All About Jazz: What musical artists, both vocal and instrumental, from any genre, did you enjoy listening to most when growing up?

Jane Monhiet: It varied a lot across different genres. In traditional jazz, there's Ella Fitzgerald, Sarah Vaughan, Carmen McRae, Keely Smith, Helen Merrill, Joe Williams, and Sammy Davis Jr.. Almost everyone has influenced me one way or the other; they're all in there. It all becomes part of you. Judy Garland, Bernadette Peters, Barbara Cook, Joni Mitchell, Bonnie Raitt, Stevie Wonder, so many different people! Maura O'Connell, the Irish folk singer. My dad was a bluegrass musician so I grew up with a lot of that as well.

AAJ: What singers do you feel most significantly informed your own singing style?

JM: Certainly Ella, certainly Judy—those are the two major, major ones. Probably Sarah as well. Maybe Bernadette too, because I do tend to sing with my heart on my sleeve, and I learned a lot of that listening to her.

AAJ: The Songbook Sessions: Ella Fitzgerald is the most tightly focused project of your ten recordings. How did the concept for this project come about?

JM: It's something I'd wanted to do for a long time. I'd always wanted to pay tribute to Ella in some way because she was so important to me. I'd just done a live show based on the jazz side of Judy Garland and it was a big success on the road. I followed up with another project, male artists who'd been important to me. But finally I just wanted to do something for Ella. I had the maturity to approach it as myself and not just another acolyte. The timing was perfect in that I had just started my own label, and so we put the project together for touring and recording.

AAJ: Ella Fitzgerald released her own famous "Songbook" series, paying homage to the composers and lyricists of the Great American Songbook. You take this concept a creative generation deeper by highlighting a specific interpreter of this repertoire. What challenges do you see Fitzgerald having had in her approach to the composers/lyricists and what have been your challenges in doing the same with Fitzgerald's body of work?

JM: It's hard for me to judge what Ella's challenges would have been, but from listening to the recordings I can guess that it might have had to do with restraint, really sticking to the melodies and what the composers intended. But that's just me speculating. For me the challenge was to do something different than the recordings I grew up on, and that's where Nicholas [Payton] came in.

AAJ: What criteria did you use in selecting the songs to include on this recording?

JM: I literally just chose my favorites—I love this one, and this one, and this one. Oh, wait a minute, I've got 17 ballads, I have to let go of some of the ballads. With Nicholas, he'd come back and say, I have an arrangement idea for this, this, and this. That's pretty much how it went.

AAJ: How was your experience working with Nicholas Payton?

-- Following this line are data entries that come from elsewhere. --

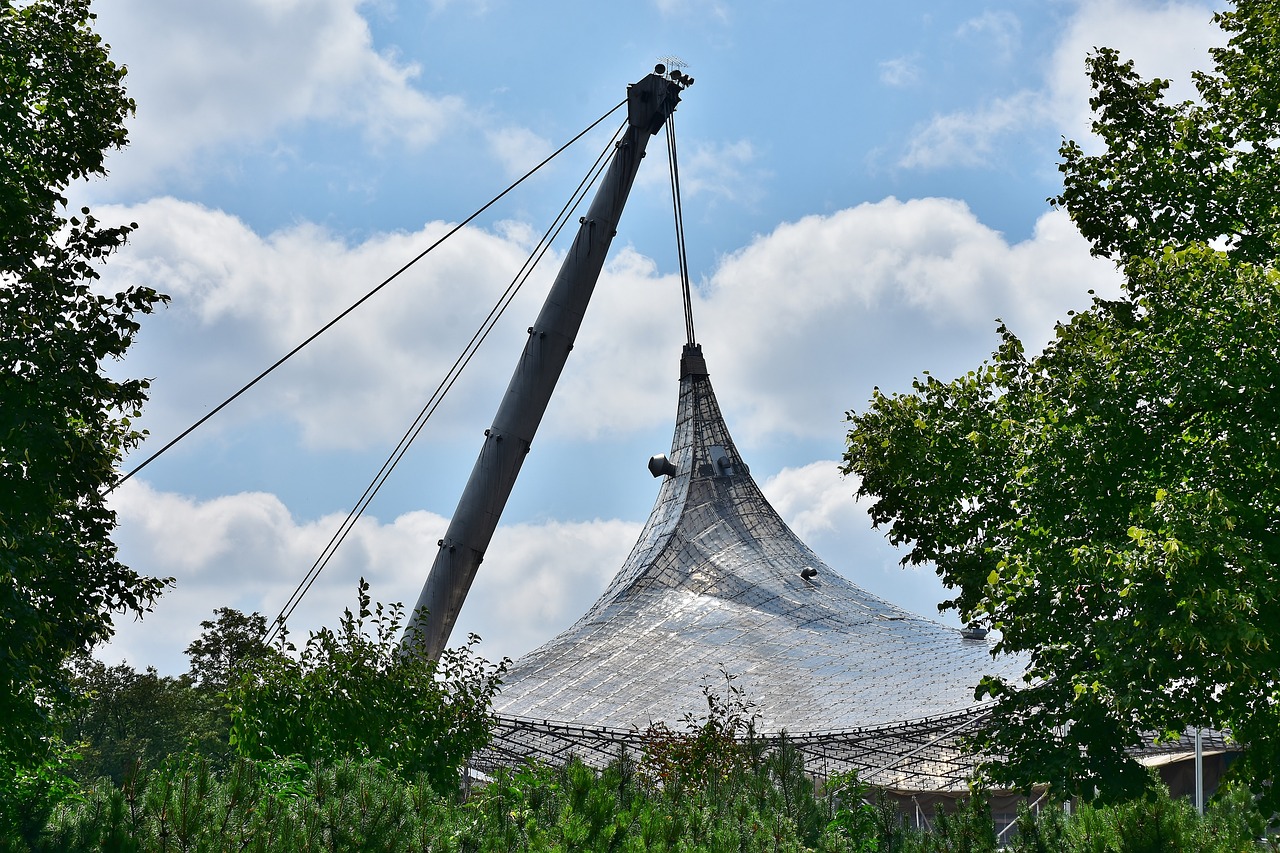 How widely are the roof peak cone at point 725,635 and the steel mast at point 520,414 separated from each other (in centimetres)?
1978

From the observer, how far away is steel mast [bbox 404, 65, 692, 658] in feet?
86.8

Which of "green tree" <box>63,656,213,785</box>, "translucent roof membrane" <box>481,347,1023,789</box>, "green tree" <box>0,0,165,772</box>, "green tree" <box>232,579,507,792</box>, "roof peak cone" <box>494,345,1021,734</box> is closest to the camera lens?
"green tree" <box>0,0,165,772</box>

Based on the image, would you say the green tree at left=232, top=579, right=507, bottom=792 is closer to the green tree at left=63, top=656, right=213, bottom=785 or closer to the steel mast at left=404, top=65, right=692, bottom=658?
the steel mast at left=404, top=65, right=692, bottom=658

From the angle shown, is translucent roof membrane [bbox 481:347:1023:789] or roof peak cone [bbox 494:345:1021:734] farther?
roof peak cone [bbox 494:345:1021:734]

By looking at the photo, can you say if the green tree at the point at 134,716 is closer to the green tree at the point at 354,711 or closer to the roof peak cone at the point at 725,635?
the roof peak cone at the point at 725,635

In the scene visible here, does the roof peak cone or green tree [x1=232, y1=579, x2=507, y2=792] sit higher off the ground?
the roof peak cone

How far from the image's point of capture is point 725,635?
57.3 meters

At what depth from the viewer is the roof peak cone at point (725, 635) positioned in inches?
1901

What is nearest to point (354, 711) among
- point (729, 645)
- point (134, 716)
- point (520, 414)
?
point (520, 414)

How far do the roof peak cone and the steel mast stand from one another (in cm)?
1978

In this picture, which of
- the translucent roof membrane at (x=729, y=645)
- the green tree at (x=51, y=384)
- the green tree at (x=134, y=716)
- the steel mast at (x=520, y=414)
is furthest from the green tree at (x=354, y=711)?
the green tree at (x=134, y=716)

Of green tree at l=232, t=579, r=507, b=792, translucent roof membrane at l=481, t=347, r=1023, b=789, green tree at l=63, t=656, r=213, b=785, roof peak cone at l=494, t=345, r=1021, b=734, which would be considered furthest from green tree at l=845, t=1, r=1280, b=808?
green tree at l=63, t=656, r=213, b=785

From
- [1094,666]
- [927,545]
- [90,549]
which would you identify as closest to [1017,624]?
[1094,666]

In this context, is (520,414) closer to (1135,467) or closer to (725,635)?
(1135,467)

JM: It was amazing. We hit it off right away. There'd been a lot of mutual respect there for years, so that was a good foundation. When you have a good musical and personal chemistry with someone, when there's a good friendship, it makes the music better. It's important to making great music, which is why I've worked with the same musicians in my trio for so long!

AAJ: How did the arrangements used on The Songbook Sessions come about? Did you provide input?

JM: I always do. Less with Nick this time than I do with Neal [Miner] and Michael [Kanan], who also do arrangements for me. With Nick, he just went with his genius. He'd bring the charts to me, and it was 'wow.' When we work together in the future I'll probably give more input, because this time, starting out, I was a little more holding back.

AAJ: The beauty of the title of your new recording is that it hints there are more "Songbook Sessions" to come. Can you comment on what artist's work is on your short list to be addressed next and will these projects include Nicholas Payton?

JM: I definitely want to make an Ella volume 2, and definitely with Nick. I don't feel we're done yet. I'd like to get into the Ella and Louie [Armstrong] material, in a modern way. But also Brazilian artists, any number of Great American songbook composers—unlimited ideas there.

AAJ: Chris Becker, in his book Freedom of Expression: Interviews with Women in Jazz (Beckeresque, 2015), in which you are interviewed, If Billie Holiday is number 1 and Ella Fitzgerald is number 2, who, in your opinion, rank among numbers 3, 4, and 5 (I am not asking you rank them, only who they would be) and why?

JM: Sarah, can't make that list without her. But then it gets murky. There are so many wonderful singers in so many ways. For me it's all about Joe Williams. Carmen McRae. But there are so many great, great women. Helen Merrill, June Christy, Peggy Lee, Nancy Wilson, Dinah Washington. The list goes on forever.